The North Carolina Department of Health and Human Services is updating its visitation guidance for long-term care facilities to allow for in-person, indoor or outdoor, visitation in most circumstances. The change aligns with new guidance released this week from the Centers of Medicare and Medicaid Services and the Centers for Disease Control and Prevention and reflects rapidly improving trends in long-term care facilities.
“This action shows that our vaccination efforts are already having benefits,” said NCDHHS Secretary Mandy K. Cohen, M.D. “I am grateful to all who have worked so hard to protect our most vulnerable residents and am so thankful that families and loved ones can be physically reunited.”
In addition to updating its guidance, the department is rescinding Secretarial Order 6: Visitation for Long-term Care Facilities.

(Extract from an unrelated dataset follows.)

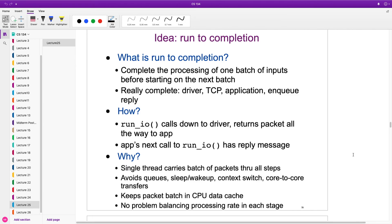Run.io goes all the way down to the driver, returns packets up to the app, and the next call to run.io sends the reply down to the transmit buffer. So we don't need to worry about extra queues, sleeping or waking up, context switching, or core-to-core transfers — everything stays within a single core. We never do context switching and we never sleep. The batch of packet data will tend to stay in cache because we're handling it immediately without switching to other tasks.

While outdoor visitation is best when possible, indoor visitation is now allowed for all residents, regardless of vaccination status, except for a few circumstances when visitation should be limited due to a high risk of COVID-19 transmission in a particular facility. It is recommended that unvaccinated residents who wish to become vaccinated should not start indoor visitation until they have been fully vaccinated.
Additionally, new long-term care residents will not be required to quarantine if they are fully vaccinated and have not had close contact with someone with COVID-19 in the previous 14 days. Fully vaccinated and non-immunocompromised health care providers with higher risk exposures who are asymptomatic also do not need to be restricted from work.
In order to mitigate the risk of relaxing restrictions, vaccinating residents and staff in long-term care facilities and continued adherence to prevention measures, including the 3 Ws – wear, wait, wash – are still the safest approach to reducing the spread of COVID-19.
Expanding visitation has substantial benefits to residents and their visitors. In order to keep everyone safe, visitors and residents should continue to adhere to the 3 Ws, and visitors should still be screened and restricted from visiting if they have signs or symptoms of infection or have been in prolonged close contact with someone with COVID-19 in the prior 14 days.